В качестве варианта органического согласования синхронистического и диахронического планов историко-культурного анализа в работе обосновывается концепт историко-культурной парадигмы (§ 4. Историко-культурная парадигма: эпистемологическое и онтологическое содержание), – среди прочего, представляющийся и тем методологическим инструментом, который позволяет более адекватным образом «вписать» историю отечественной культуры в общую историю страны. Отправной логической точкой в данном случае является принцип единства социального пространства и социального времени в бытии сообщества – единства, в науке уже схваченного в понятии «хронотоп» (которое в нашем случае должно быть истолковано гораздо более широким – масштабным – образом, поскольку изначально в нем не акцентирована как раз «социальность» пространственно-временных координат общественного бытия). История страны и ее культуры, следовательно, (говоря теоретически последовательно) есть интегральная сумма таких социальных «хронотопов», что переводит всю тему в плоскость периодизации исторического (историко-культурного) процесса. При всегдашней условности (конвенциональности) периодизаций можно полагать, что они были бы «менее условны», если бы за их основание принимался не один какой-либо критерий, а их сумма – сумма производственных, политико-управленческих и социокультурных макрообстоятельств общества, взятого в максимально широком (т.е. в исторически действительном) социально-пространственном ракурсе. Для истории русской культуры в исследовании предлагается следующая периодизация: доимперский период (Новгородско-Киевская и Московская Русь) – имперский период – советский период – сегодняшнее время (постсоветский период). Момент суммативного критерия здесь прежде всего присутствует в том, что на переходе от доимперского к имперскому периоду происходит окончательное закрепощение крестьянства (аграрно-производственный компонент), а Московское царство становится империей; последующее выражение того же интегрального критерия столь очевидно, что в комментариях не нуждается: везде по этой линии мы видим резкую смену одной логики общественного развития на другую – процесс, ясным образом отделяющий период от периода.
Специально остановимся на социокультурном компоненте нашего суммативного критерия.

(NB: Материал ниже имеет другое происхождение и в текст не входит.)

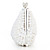  Elegant Silk with Pearls Evening Handbag/Clutches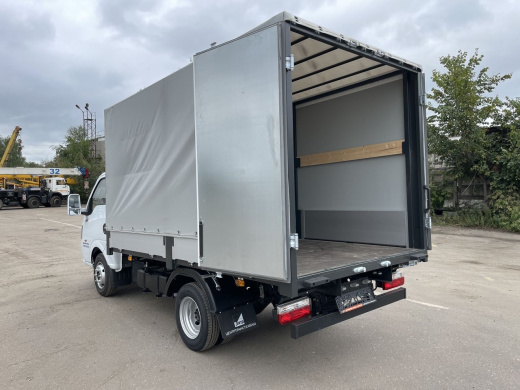 DONGFENG CAPTAIN T (МРМ 2,5т) БОРТ-ТЕНТ 3,5×1,9×1,9м ВОРОТА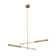 Astrid 2 - Light LED Sputnik Chandelier
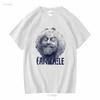 Catweazle Tričko Narozeniny vintage Vyprané Unisex pánské Pružné módní Prodyšné Pohodlné designové oblečení Univerzální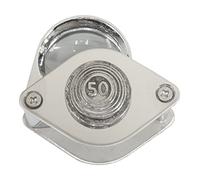Clays 50 Jeweller's Magnifying Loupe 20x21mm Free Engraving 77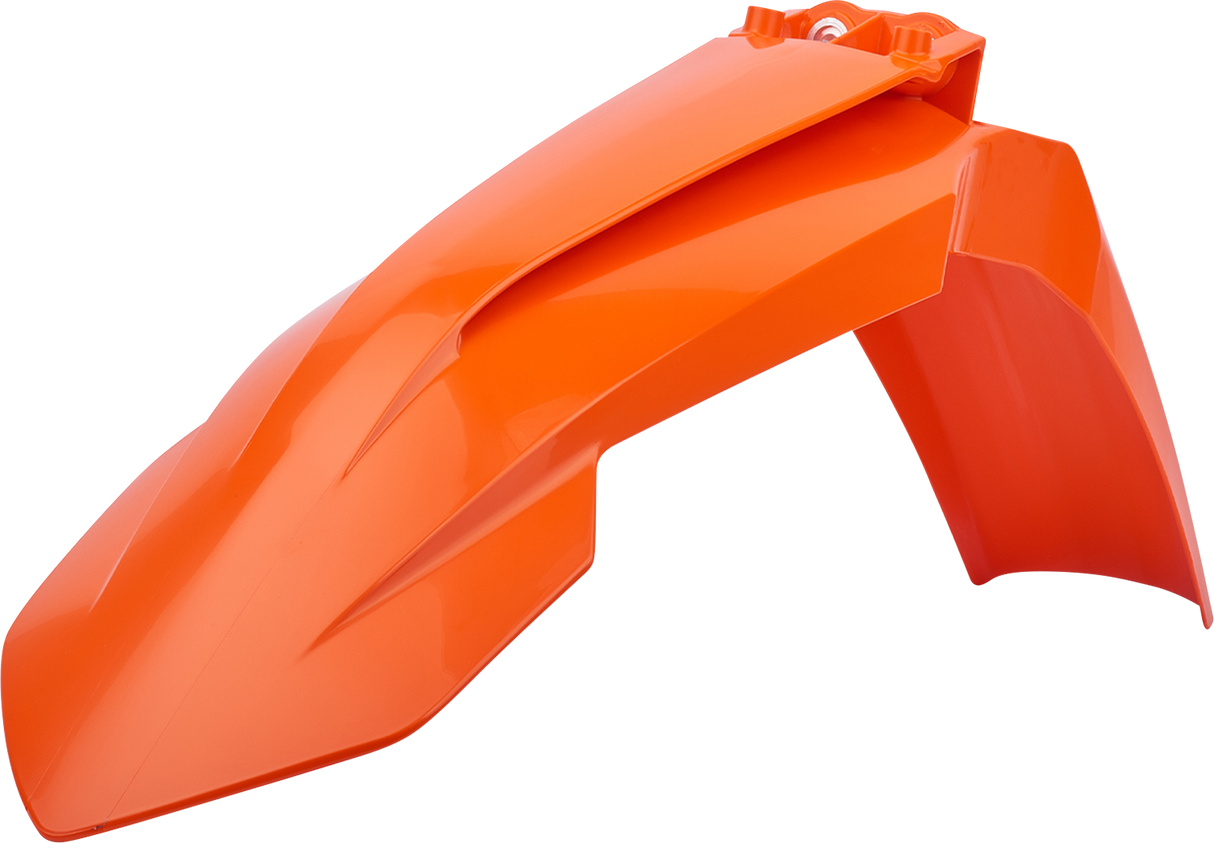 POLISPORT Fender - Front - Orange - KTM 8574200001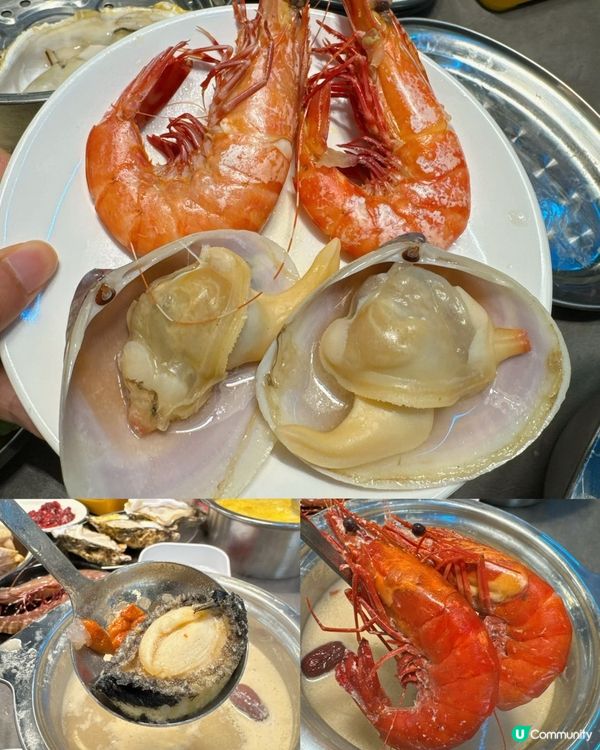 深圳海鮮控必食·羅湖新開撈鮮門海鮮集市火鍋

В этом ракурсе видно, что выделенные в схеме периоды – это, по существу, разные общественно-культурные формации. Мир культуры, естественно, многообразен и не сводим даже к тем или иным социокультурным доминантам, но все же отталкиваясь от доминант, можно говорить о четырех разных способах «производства культуры», что в нашей истории шли на смену один другому. Доимперский период в этом отношении почти целиком принадлежит церкви: элементы светской культуры здесь суть «акциденции» – не «сущности»; причем культуросозидающая (вообще социиокультурно-доминирующая) функция церкви здесь преемственно, без каких-либо «перерывов постепенности», проявляется для всего периода, что лишний раз характеризует его со стороны его целостности и качественной определенности. В имперском периоде иные доминанты – Двор, высшее и среднее, сначала столичное, а потом и провинциальное, дворянство: в ракурсе феноменологии культурных явлений – это совершенно новая культурная ситуация, во всяком случае для области распространения поместного землевладения. Свою качественную определенность явным образом демонстрирует и культура советского периода; резкий разрыв постепенности в «производстве культуры» мы естественным образом предположим и для перехода от советского к постсоветскому периоду нашей истории – даже при том, что содержательные характеристики сегодняшней культуры в каких-то существенных отношениях пока не определились.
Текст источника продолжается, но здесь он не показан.